Saya bukan fans dari pahlawan super Amerika satu ini, tetapi mengetahui bahwa ia menjadi kepingan puzzle terakhir dari proyek superhero raksasa nan ambisius Marvel Studios itulah yang membuat alasan terbesar saya kemudian cukup antusias menunggu kemunculannya tahun ini. Ya, inilah Captain America: The First Avenger, sebuah ajang pemanasan sebelum sekelompok besar superhero yang tergabung dalam The Avengers menghentak kita tahun depan.
Tiap film superhero punya background tersendiri bagaimana sesorang tersebut bisa terpilih menjadi hero. Tapi di antara semua film superhero summer ini, seperti Thor, Green Lantern, dan X-Men: First Class, Captain America mempunyai cerita awal yang paling menginspirasi. Bisa dilihat dari betapa suramnya hidup Steve Rogers yang susah mendapat wanita, menjadi bahan bulan-bulanan, dan yang paling sakitnya adalah berkali-kali ditolak untuk bisa ikut dalam pasukan militer.
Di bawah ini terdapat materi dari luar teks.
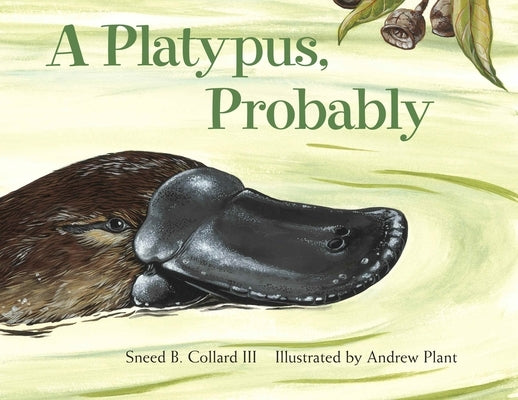 A Platypus, Probably by Collard, Sneed B.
Steve Roger tipikal karakter seorang pahlawan sejati dalam cerita komik yang memulai segalanya dari bawah layaknya si manusia laba-laba Peter Parker. Yatim piatu, seorang underdog yang sering ditindas karena fisiknya yang lemah, dalam kasus Roger ia penderita asma dengan ukuran tubuh kurus-pendek membuatnya kesulitan bergabung membela negara sebagai seorang tentara walaupun sebenarnya ia adalah seorang pemuda yang sangat berani dan baik hati, apalagi dalam hal menjunjung tinggi paham kebenaran dan impiannya untuk melindungi sesama.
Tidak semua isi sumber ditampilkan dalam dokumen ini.